King of Ryūkyū
- Reign: 1648–1668
- Predecessor: Shō Ken
- Successor: Shō Tei
- Born: Umitukugani (思徳金) October 1, 1629
- Died: December 20, 1668 (aged 39)
- Burial: Tamaudun, Shuri, Okinawa
- Spouse: Misato Aji-ganashi
- Concubine: Mafē Aji, Honkū Adaniya Agomo-shirare, Honkō Miyashiro Agomo-shirare, Keishitsu (naagushiku agumushirari, chiishichi) Moromizato Agomo-shirare, Getsurei (murumijatu agumushirari, gwachirii)
- Issue: Shō Tei, Crown Prince Nakagusuku Chōshū Shō Kōki, Prince Ōzato Chōryō Shō Kōjin, Prince Nago Chōgen Shō Kosai, Prince Chatan Chōai Shō Kōtoku, Prince Kochinda Chōshun Shō Kōshin, Prince Motobu Chōhei Shō Kōzen, Prince Ginowan Chōgi Princess Adaniya Princess Moromizato Princess Yonamine Princess Ōmine Princess Miyahira

Names
- Shō Shitsu (尚質)
- House: Second Shō dynasty
- Father: Shō Hō
- Mother: Nishi no Aji-ganashi, Ryōgetsu

= Shō Shitsu =

Shō Shitsu (尚質) was a king of the Ryukyu Kingdom who held the throne from 1648 until his death in 1668.

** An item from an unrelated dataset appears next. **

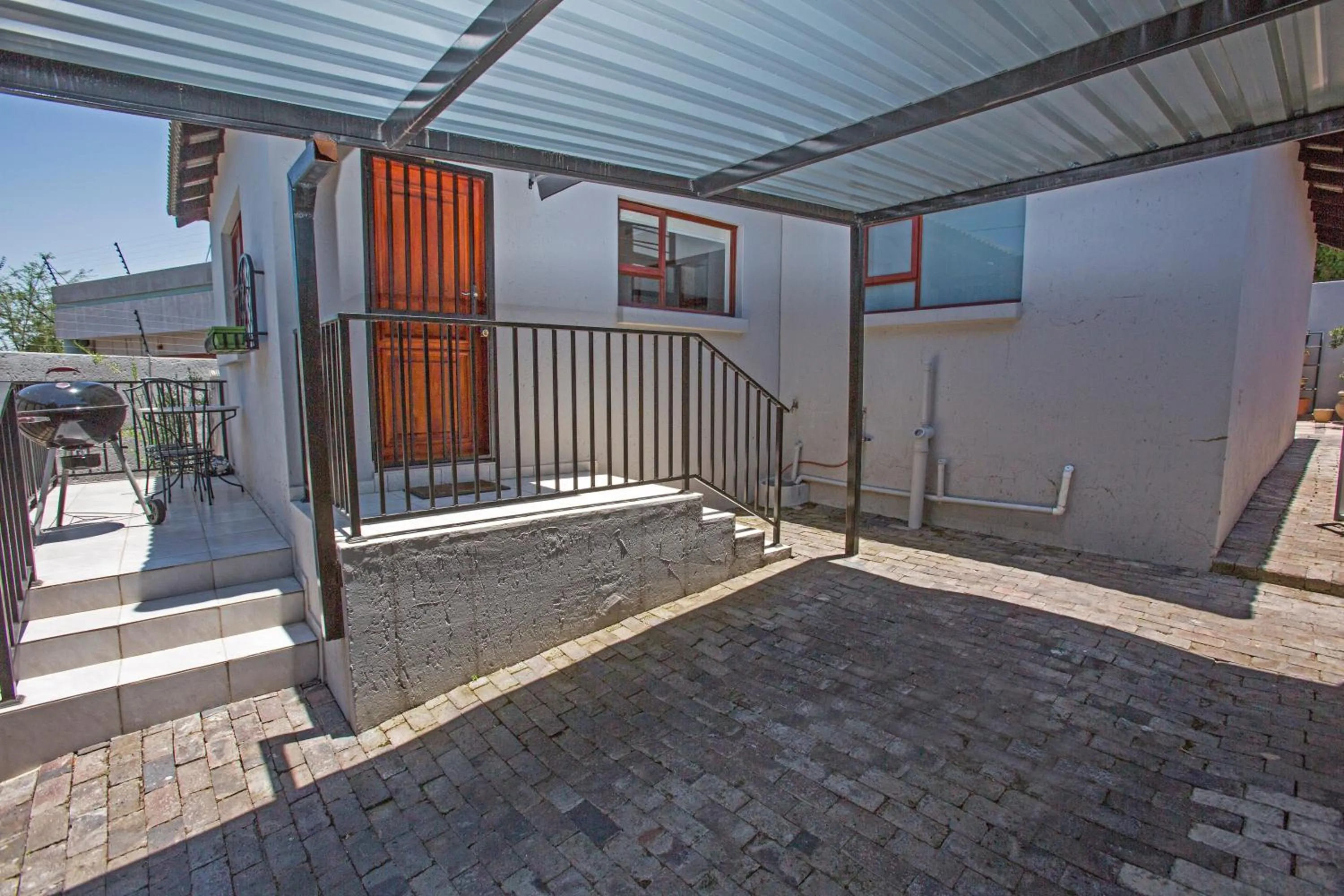 Facade/entrance in Spacious Garden Cottage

The fourth son of King Shō Hō, he was named Prince of Sashiki in 1637, at the age of eight, and was granted Sashiki magiri as his domain. In 1645, his domain was changed to that of Nakagusuku magiri, and his title to Prince of Nakagusuku.

== Life ==
Shō Shitsu succeeded his brother Shō Ken as king in 1648. His reign coincided with a period of rebellion and instability in China, as factions loyal to the Ming Dynasty, which fell in 1644, continued to fight against the new Qing Dynasty order. On at least one occasion, Ryukyuan tribute ships were attacked by pirates or rebels, who killed at least one of the Ryukyuan sailors and stole various objects; the authorities of Satsuma Domain declared the head envoy and his deputy to be at fault and had them executed. Another incident involved an attack on an Okinawan mission on the road to Beijing; the Ryukyuans defeated their attackers, and Hirata Tentsu came to be known as a national hero.

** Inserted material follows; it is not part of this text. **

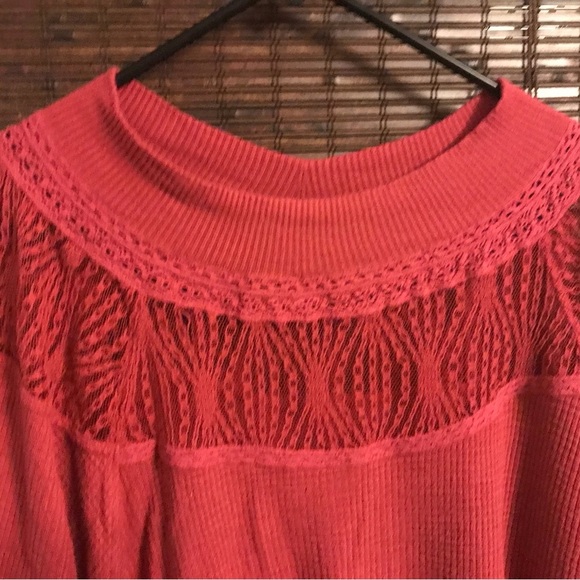 Elegant Red Lace Knit Sweater - Picture 3 of 7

Though there was initially some uncertainty, particularly within Japan, as to whether the kingdom should support the new dynasty, or the Ming rebels, the Tokugawa shogunate left the decision up to Satsuma. The king's eldest son, Shō Tei, who would later succeed him as king, journeyed to Beijing and submitted the formal royal seal given the kingdom by the Ming rulers, to the Qing Court, which in turn granted the prince a new royal seal for the kingdom and declared its official recognition of Shō Shitsu as king.

A number of major reforms were effected in the final years of Shō Shitsu's reign, primarily at the guidance or suggestion of Shō Shōken, who was appointed sessei, a position which has been compared to prime minister, in 1666. Shō Shōken also compiled the Chūzan Seikan ("Mirror of Chūzan"), the first history of the kingdom, at the king's orders.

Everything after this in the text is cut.